> Your instructions
The response must consist of the lines from the one holding "Dining Room Set" through the final line of the entries, given again exactly and without any pictures.

[Items from a dataset]
# # # #

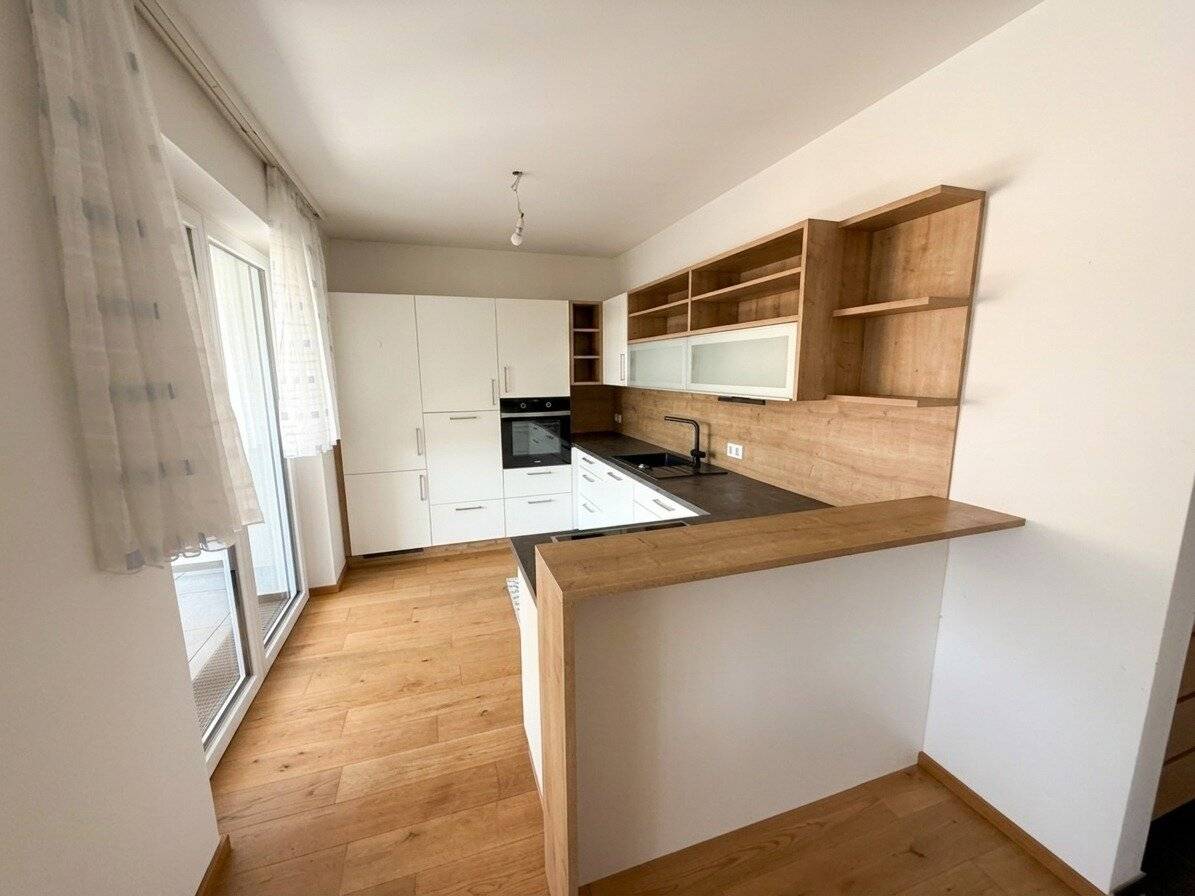 Neuwertige 3-Zimmer-Wohnung mit 77m² Wohnfläche, Südbalkon, 1x Tiefgaragenstellplatz &amp; 1x Außenstellplatz, €320.000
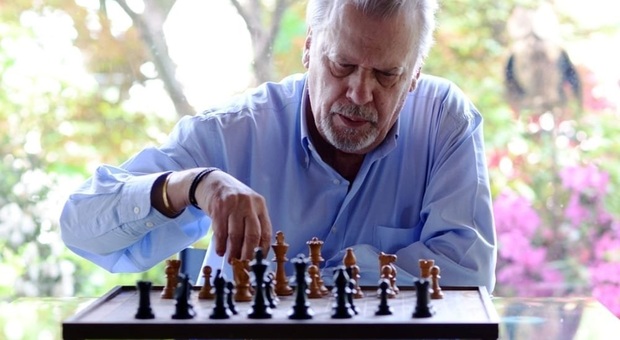 Morto Paolo Maurensig, il grande autore de " La variante di Lüneburg" che vedeva la vita come una partita di scacchi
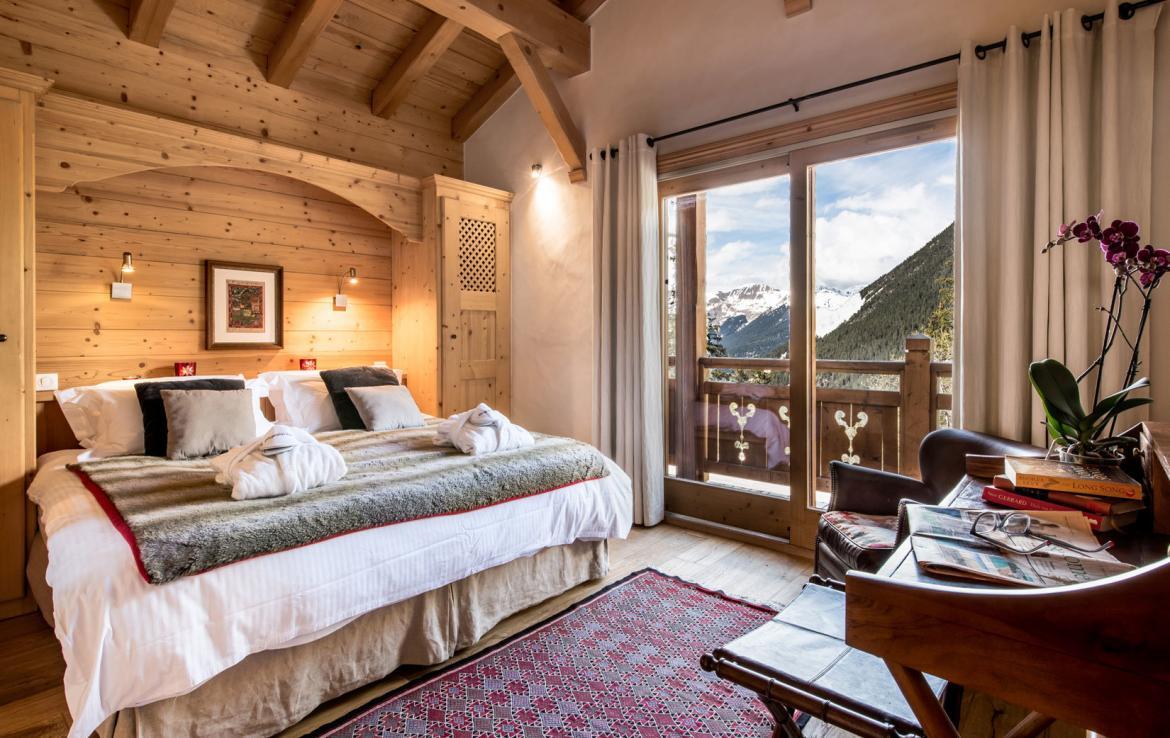 Chalet-Aster-Courchevel-Moriond--Bedroom-2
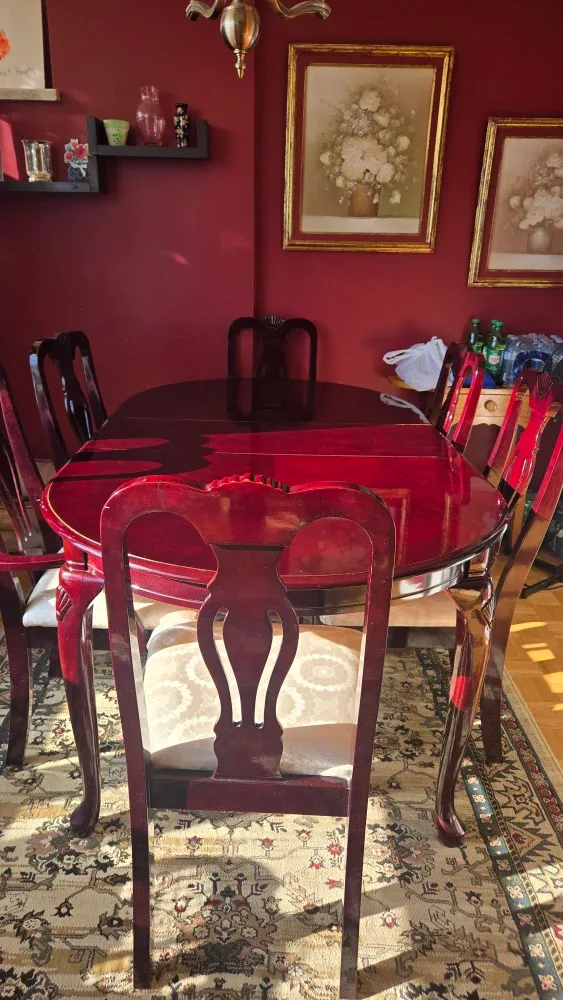 Dining Room Set - Table, Chairs & Hutch image indicator(3)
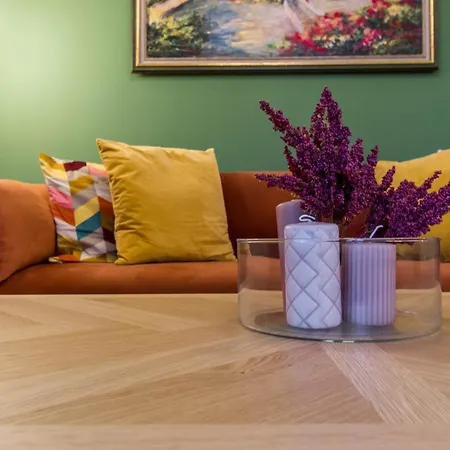 Joivy Exclusive In Close To Cernobbio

# # # #

> Response for this exercise
 Dining Room Set - Table, Chairs & Hutch image indicator(3)
 Joivy Exclusive In Close To Cernobbio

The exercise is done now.